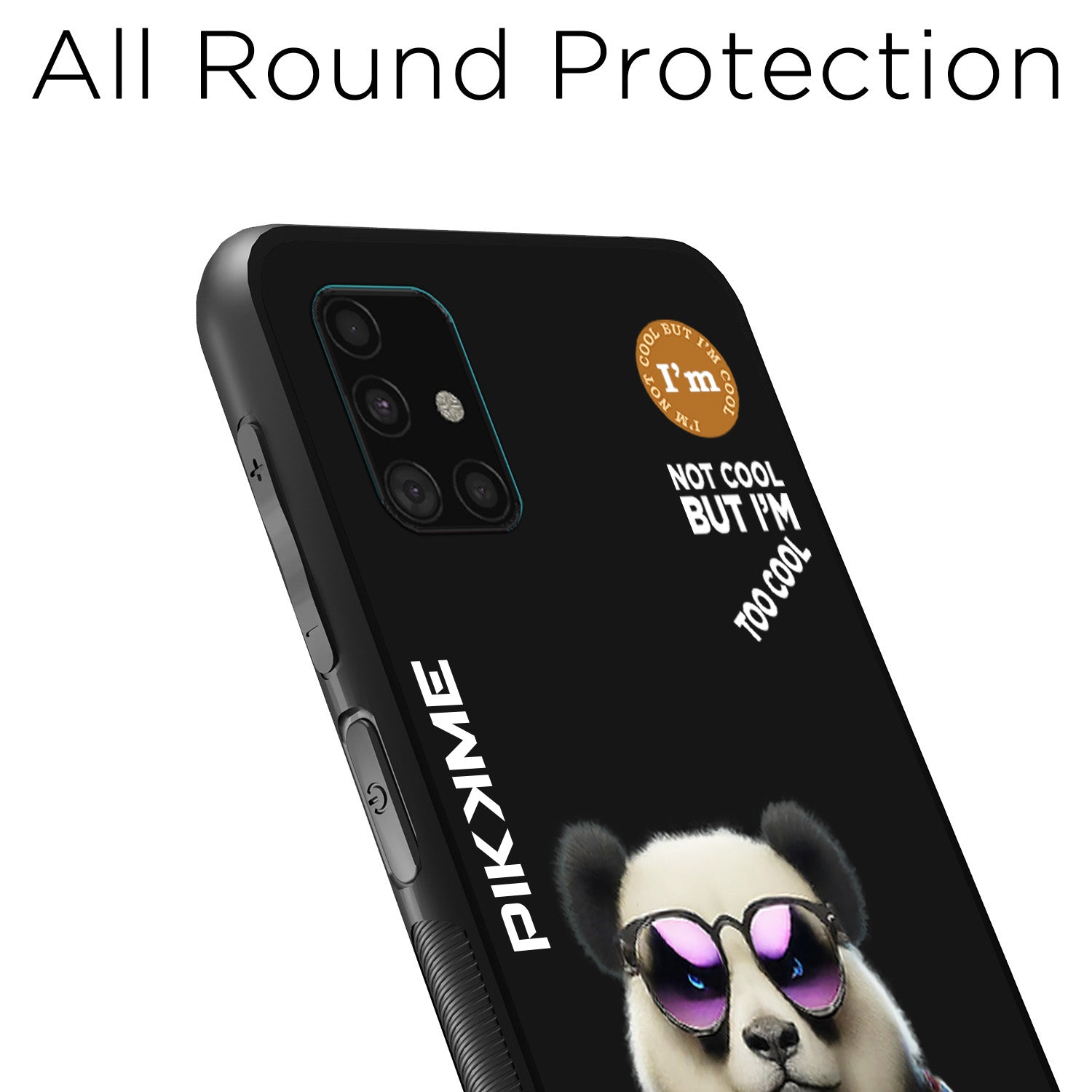 Pikkme Stylish Black Panda Swag Samsung Galaxy A51 Back Cover (Design 05)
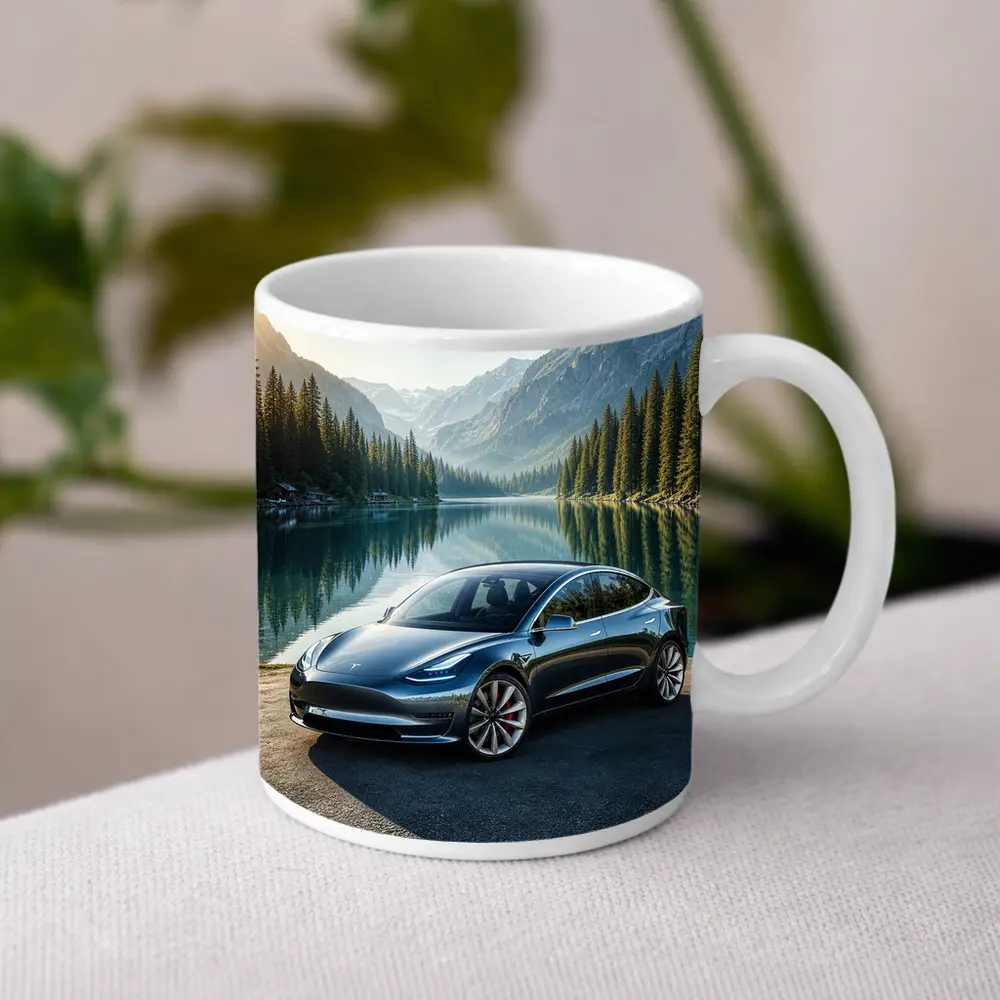 Tesla Model 3 Parked By Mountain Lake – Mugs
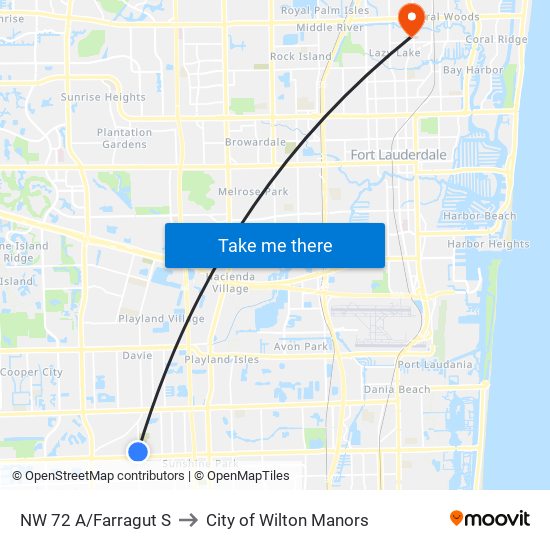 NW 72 A/FARRAGUT S to City of Wilton Manors map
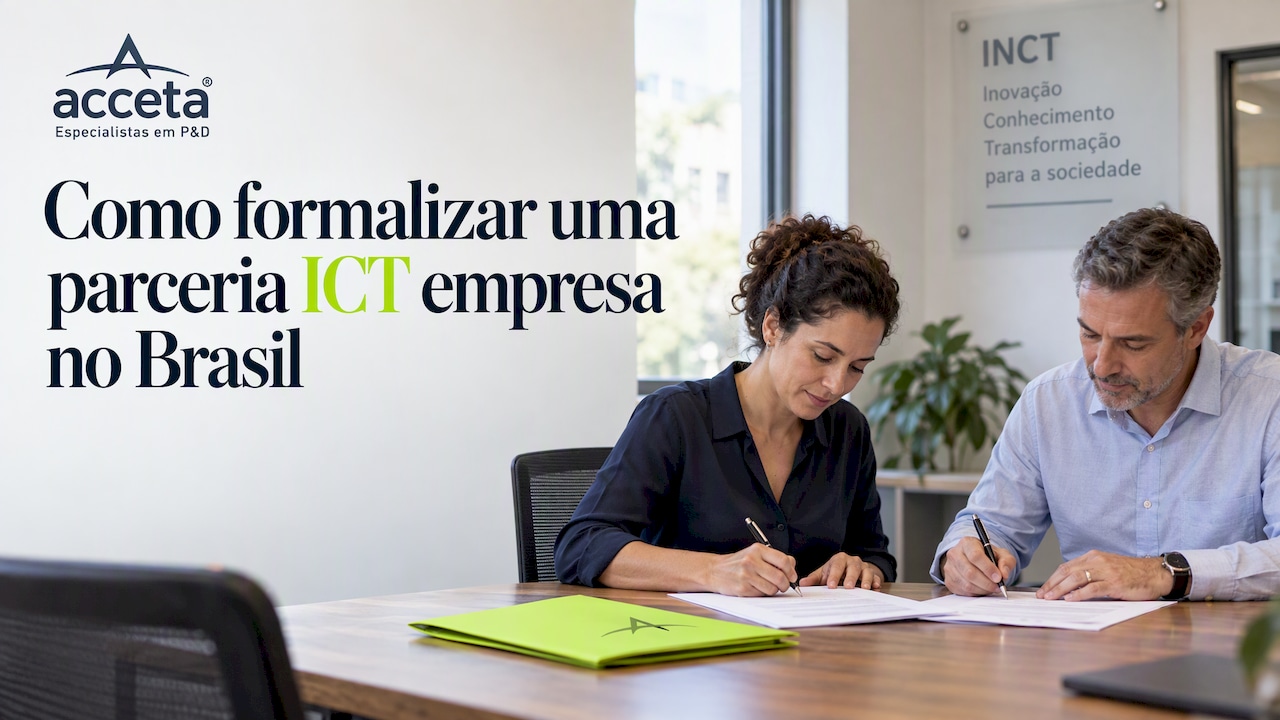 Assinatura de acordo entre empresa e ICT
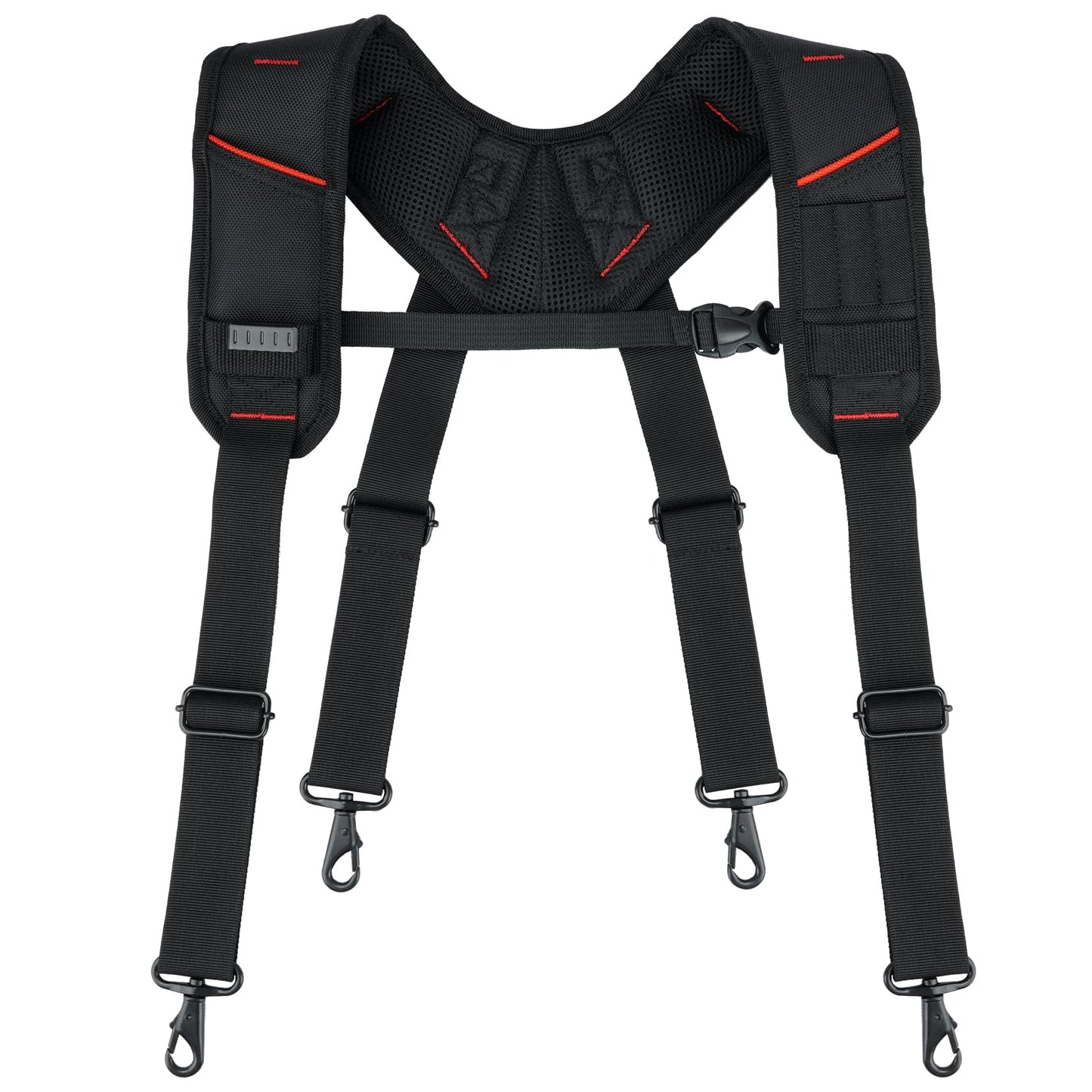 MELOTOUGH Tool Belt with Suspenders Electrician Tool Bag Suspenders Framers Combo Apron Tool Belt Construction Tool Pouch Suspenders Heavy Duty Carpenter Suspension Rig(RED)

▶ [PROBLEM TO SOLVE]:
Word for word, restate the lines from the one containing "Tesla Model 3 Parked By Mountain Lake – Mugs" through the end of the listing, and nothing more. Skip the pictures.

▶ [ANSWER TO THE PROBLEM]:
 Tesla Model 3 Parked By Mountain Lake – Mugs
 NW 72 A/FARRAGUT S to City of Wilton Manors map
 Assinatura de acordo entre empresa e ICT
 MELOTOUGH Tool Belt with Suspenders Electrician Tool Bag Suspenders Framers Combo Apron Tool Belt Construction Tool Pouch Suspenders Heavy Duty Carpenter Suspension Rig(RED)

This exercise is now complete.